I landed my dream job 9-years ago – deputy editor on a fishing mag – but slowly I got a bit wiser (read: jaded), lacked the time I wished for (read: got lazy) and generally wished I could do the thing that I wanted to do at the time, which was do a season in the Alps with my snowboard.
The boss sat me down one day and, not in crappy way, asked me if I wanted to still do my job. He said he'd felt like this before when he was younger and he's had to ake the decsion to stay or go. Of course I took it at the time as me against him and in my head, vowed to prove him wrong, although years later I realised he'd just been totally straight with his advice and had not wanted me out.
I knuckled down, did well and turned things around to the point where I was the darling. But then I got all sad and wanton again and then really didn't know what to do; the missus was pregnant, house prices had slumped so selling up wasn't an option and we didn't know what to do.
Fortunately, the boss once again had one of his epiphanies (based on a seed of an idea I'd given him four years before) and promoted me to photographic manager at the company.
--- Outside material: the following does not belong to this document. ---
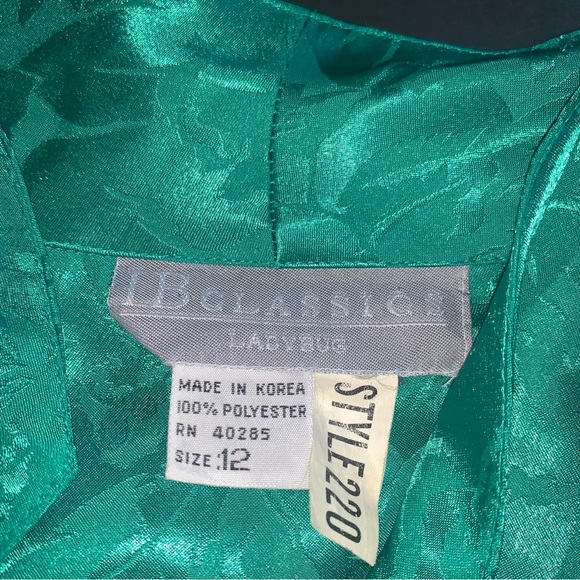 v i n t a g e :: Floral Brocade Jacquard Satin Blouse - Picture 5 of 11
Now I get to shoot 5-day-a-week, I'm salaried and am in a pretty safe and stable position.
It sounds like a bit of a fairy tale when I look back on it and I suppose the key thing is all along I've been privileged; from getting into the angling industry, to becoming the youngest editor of a national fishing magazine, through to using the skills I spent three years at uni honing and putting them into practise in a job I know love.
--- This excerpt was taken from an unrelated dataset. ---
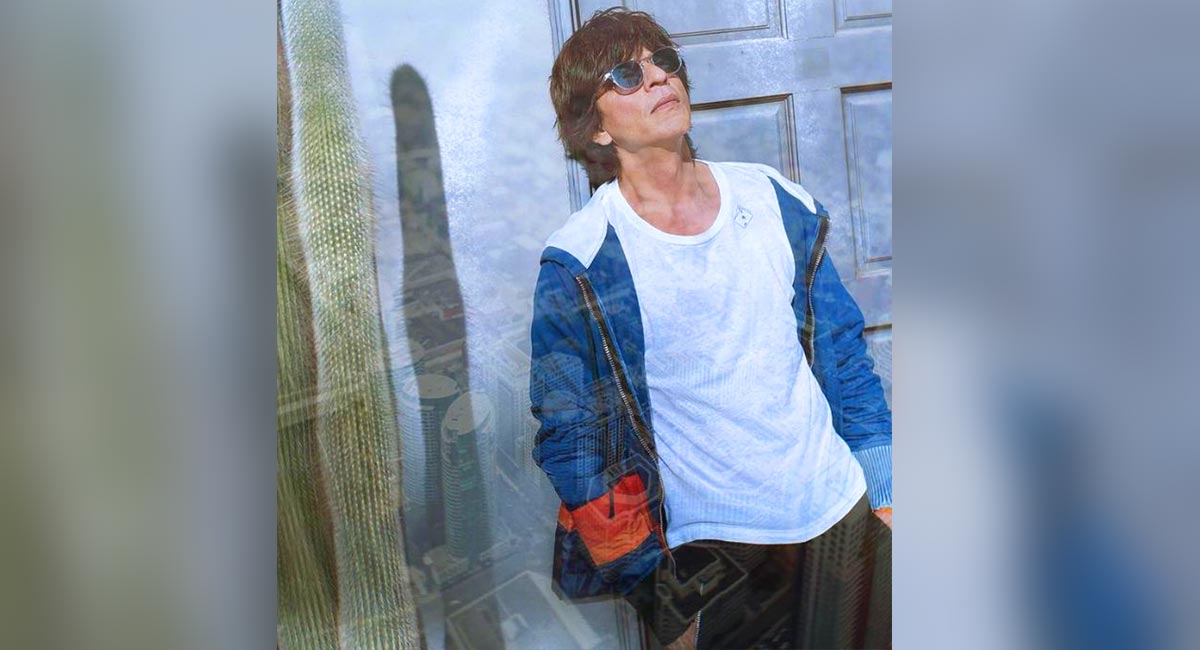 Shah Rukh pampers himself on his day off by watching Alia’s ‘Darlings’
I've had it easy I suppose with regard to the photography job, but there's a part of me that knows for sure the boss gave me the job because I was the best person he could have employed. Could I have made the step on my own? Maybe, maybe not but the change at a time when the economy was crumbling (stepping into a 'made-up' position is scary) was big and proved that the move was essential.
Whether someone hands the change to you on a plate or you have to make the first move, that's irrelevant; if things stack up right then what's to lose?